▸ TASK TO CARRY OUT
Exactly the lines starting at the line containing "Joaxswe Farmhouse 54'" and ending at the line containing "Insulated children's snow" are to be written out from the listing below, both included.

▸ PROVIDED ENTRIES

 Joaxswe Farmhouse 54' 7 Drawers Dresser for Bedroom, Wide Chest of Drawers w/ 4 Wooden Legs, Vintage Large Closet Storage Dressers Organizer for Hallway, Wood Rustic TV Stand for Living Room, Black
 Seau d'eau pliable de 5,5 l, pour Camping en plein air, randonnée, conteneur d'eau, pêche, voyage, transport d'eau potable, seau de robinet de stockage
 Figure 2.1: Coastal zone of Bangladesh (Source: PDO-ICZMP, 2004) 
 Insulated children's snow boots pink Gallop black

==

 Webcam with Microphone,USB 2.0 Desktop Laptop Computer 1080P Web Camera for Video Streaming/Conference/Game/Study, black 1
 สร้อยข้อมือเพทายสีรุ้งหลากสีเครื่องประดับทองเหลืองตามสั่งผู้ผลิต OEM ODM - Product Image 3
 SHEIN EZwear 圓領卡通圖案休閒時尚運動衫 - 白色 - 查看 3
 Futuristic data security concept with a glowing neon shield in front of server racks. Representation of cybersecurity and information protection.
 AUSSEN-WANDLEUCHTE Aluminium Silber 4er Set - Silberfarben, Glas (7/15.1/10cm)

--

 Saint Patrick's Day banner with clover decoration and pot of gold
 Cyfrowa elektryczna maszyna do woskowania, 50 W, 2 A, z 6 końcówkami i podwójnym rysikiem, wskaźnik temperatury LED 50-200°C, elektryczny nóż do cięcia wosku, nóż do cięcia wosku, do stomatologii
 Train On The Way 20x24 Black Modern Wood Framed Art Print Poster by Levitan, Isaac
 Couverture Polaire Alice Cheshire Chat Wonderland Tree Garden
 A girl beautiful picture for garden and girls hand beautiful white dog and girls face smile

▸ PROBLEM SOLUTION
 Joaxswe Farmhouse 54' 7 Drawers Dresser for Bedroom, Wide Chest of Drawers w/ 4 Wooden Legs, Vintage Large Closet Storage Dressers Organizer for Hallway, Wood Rustic TV Stand for Living Room, Black
 Seau d'eau pliable de 5,5 l, pour Camping en plein air, randonnée, conteneur d'eau, pêche, voyage, transport d'eau potable, seau de robinet de stockage
 Figure 2.1: Coastal zone of Bangladesh (Source: PDO-ICZMP, 2004) 
 Insulated children's snow boots pink Gallop black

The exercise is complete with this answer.